## YOUR ASSIGNMENT
Reproduce only this range: the line holding "Grade A Großhandel/Lieferant" through the last line of the data below, both included, exactly, with no pictures.

#### RECORDS SHOWN

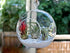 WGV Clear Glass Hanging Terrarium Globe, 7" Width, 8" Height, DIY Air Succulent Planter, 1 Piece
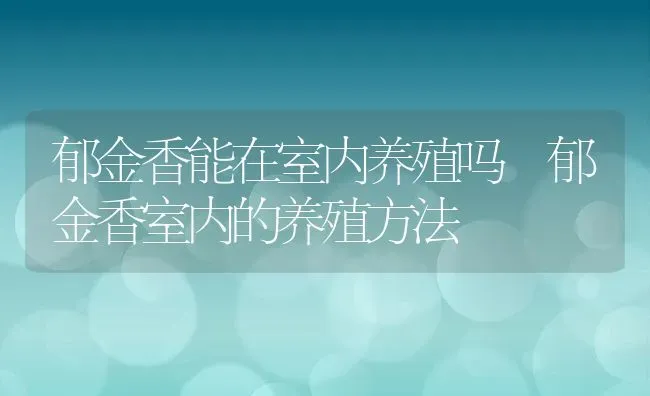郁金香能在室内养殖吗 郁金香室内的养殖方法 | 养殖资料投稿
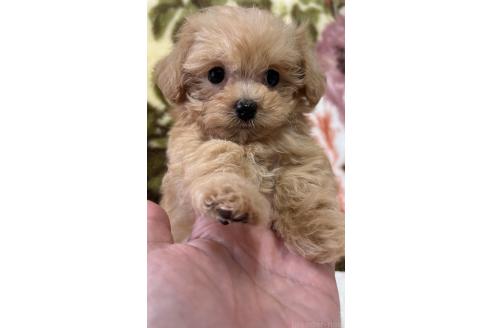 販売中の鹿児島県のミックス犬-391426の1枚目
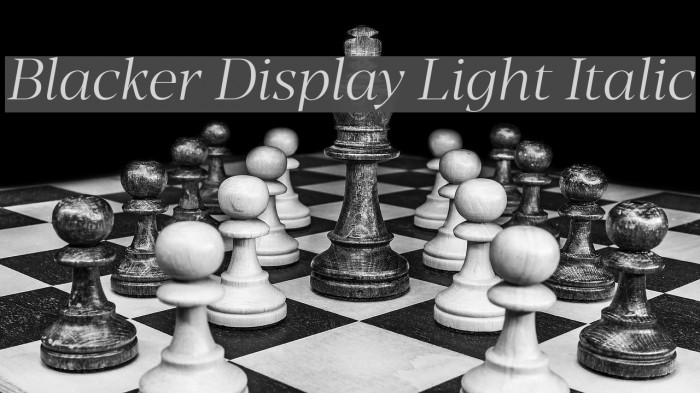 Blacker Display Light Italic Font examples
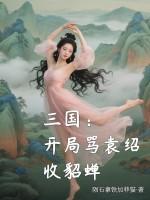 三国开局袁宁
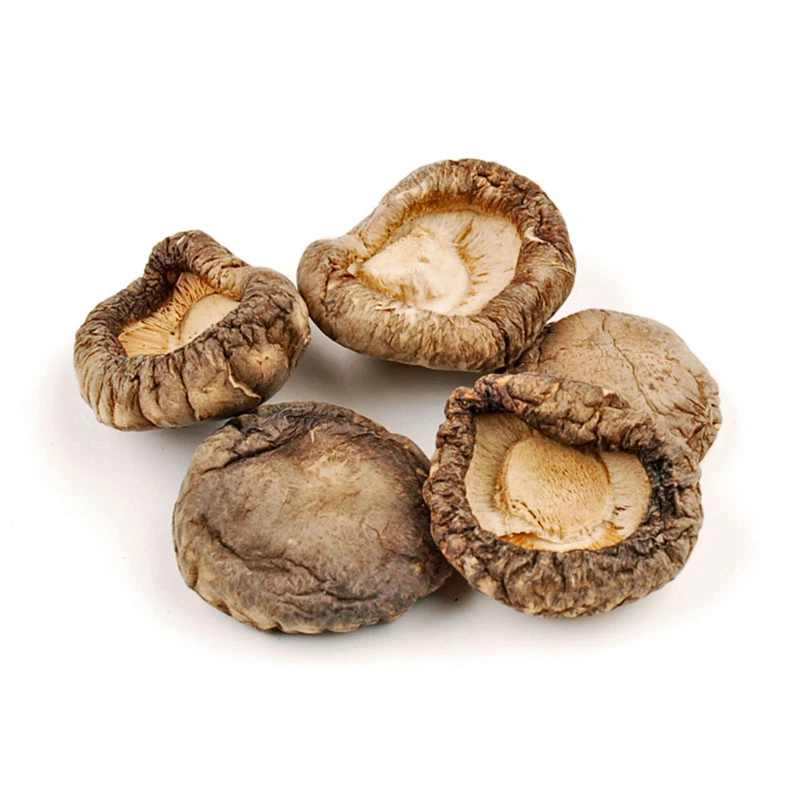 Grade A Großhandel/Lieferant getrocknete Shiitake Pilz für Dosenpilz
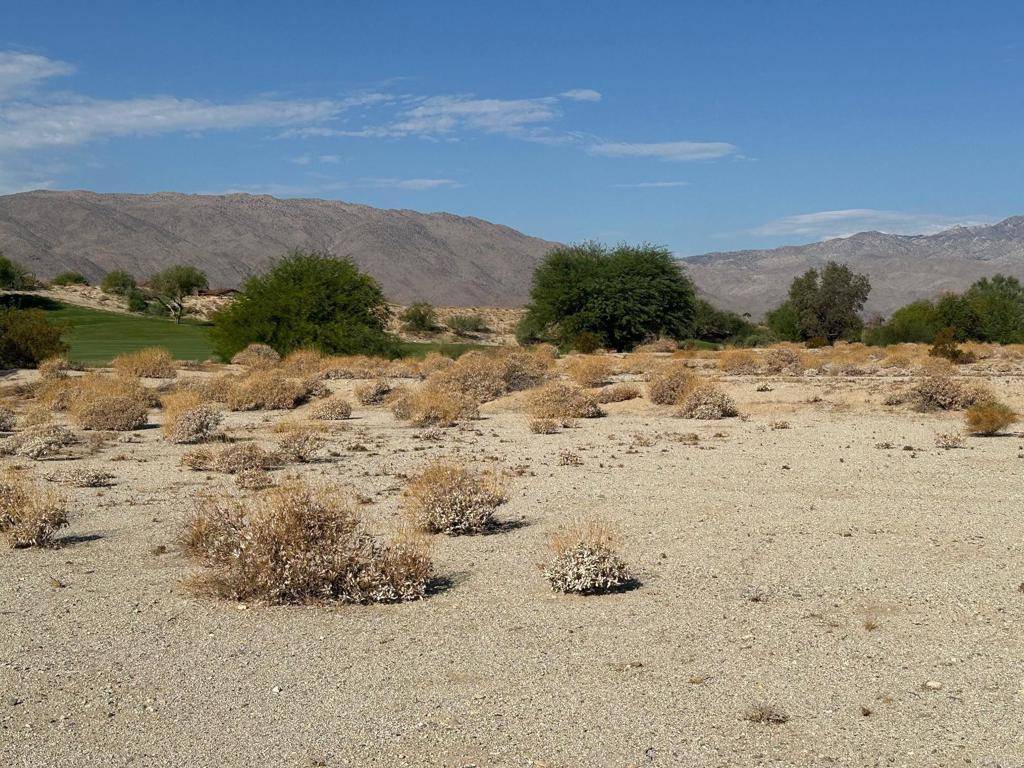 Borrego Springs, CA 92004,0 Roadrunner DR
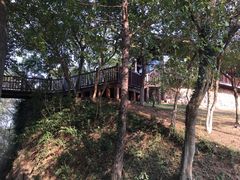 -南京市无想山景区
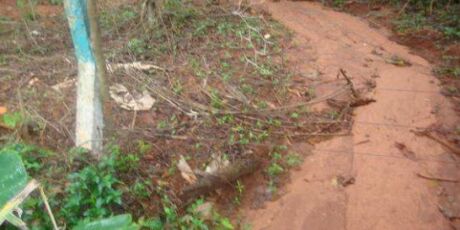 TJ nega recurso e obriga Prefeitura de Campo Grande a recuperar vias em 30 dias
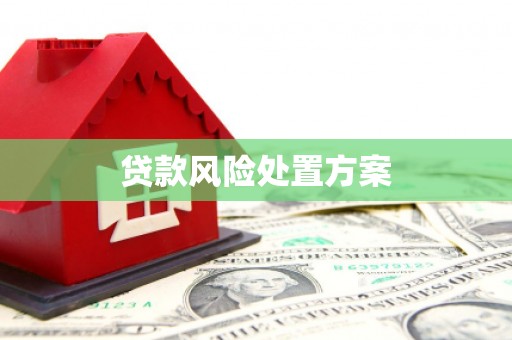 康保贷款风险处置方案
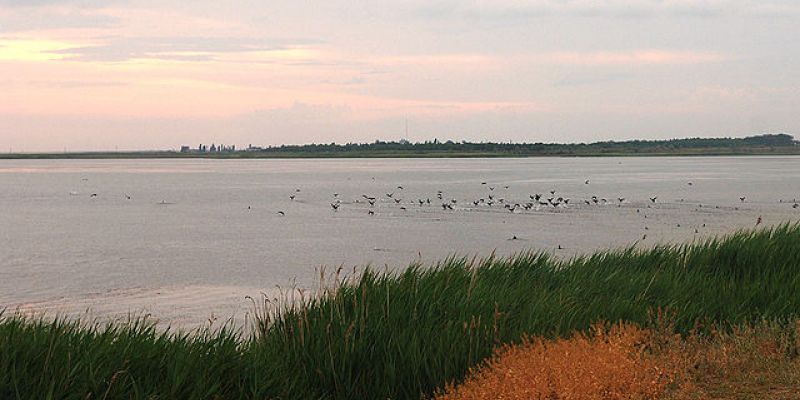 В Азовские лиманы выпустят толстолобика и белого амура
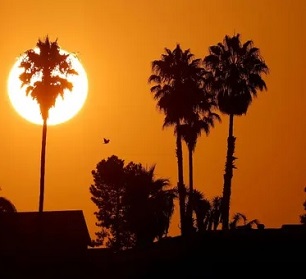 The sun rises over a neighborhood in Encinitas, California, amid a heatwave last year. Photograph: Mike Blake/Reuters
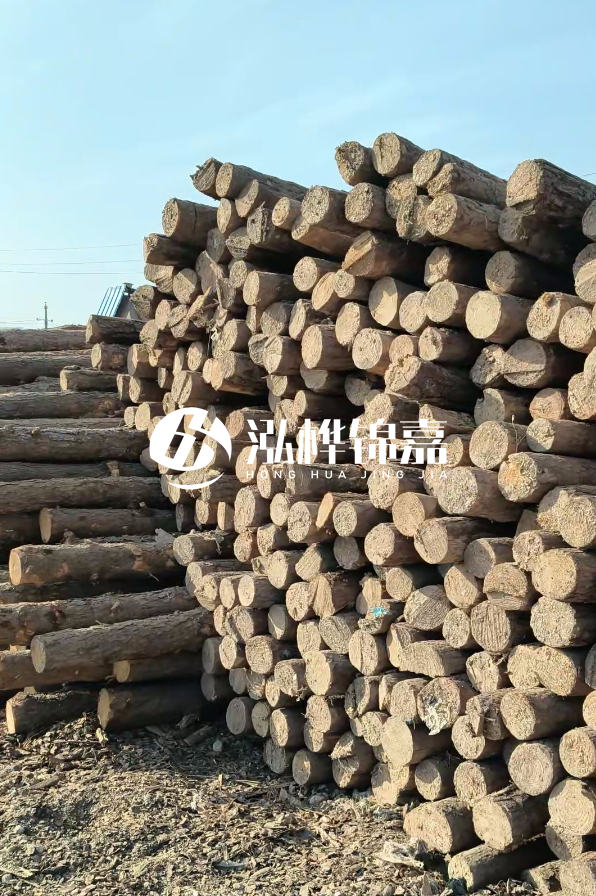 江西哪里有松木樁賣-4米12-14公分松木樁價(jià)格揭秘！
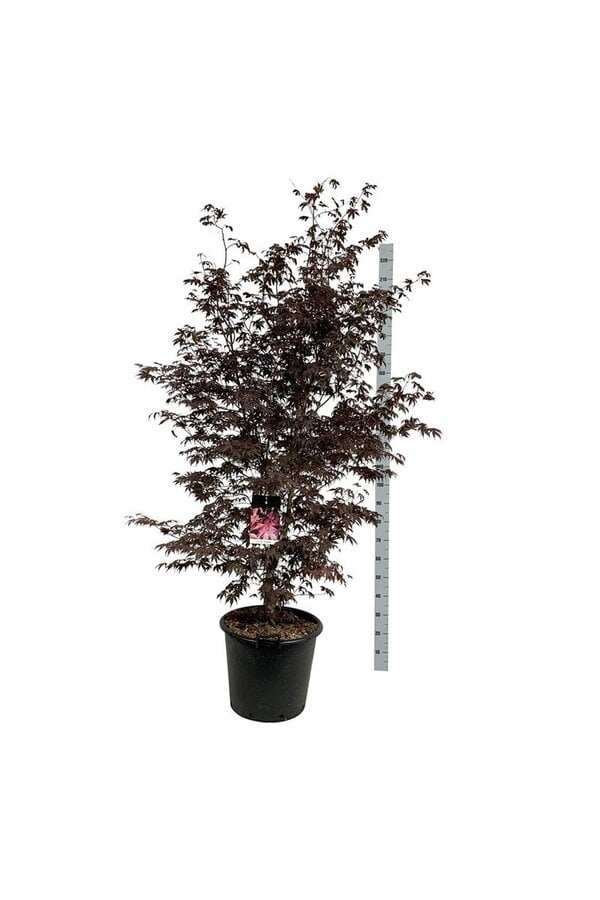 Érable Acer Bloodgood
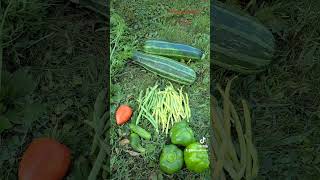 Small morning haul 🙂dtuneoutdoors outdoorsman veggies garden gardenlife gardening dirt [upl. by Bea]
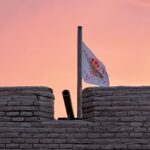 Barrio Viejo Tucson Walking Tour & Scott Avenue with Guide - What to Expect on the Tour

########

## EXERCISE OUTPUT
 Grade A Großhandel/Lieferant getrocknete Shiitake Pilz für Dosenpilz
 Borrego Springs, CA 92004,0 Roadrunner DR
 -南京市无想山景区
 TJ nega recurso e obriga Prefeitura de Campo Grande a recuperar vias em 30 dias
 康保贷款风险处置方案
 В Азовские лиманы выпустят толстолобика и белого амура
 The sun rises over a neighborhood in Encinitas, California, amid a heatwave last year. Photograph: Mike Blake/Reuters
 江西哪里有松木樁賣-4米12-14公分松木樁價(jià)格揭秘！
 Érable Acer Bloodgood
 Small morning haul 🙂dtuneoutdoors outdoorsman veggies garden gardenlife gardening dirt [upl. by Bea]
 Barrio Viejo Tucson Walking Tour & Scott Avenue with Guide - What to Expect on the Tour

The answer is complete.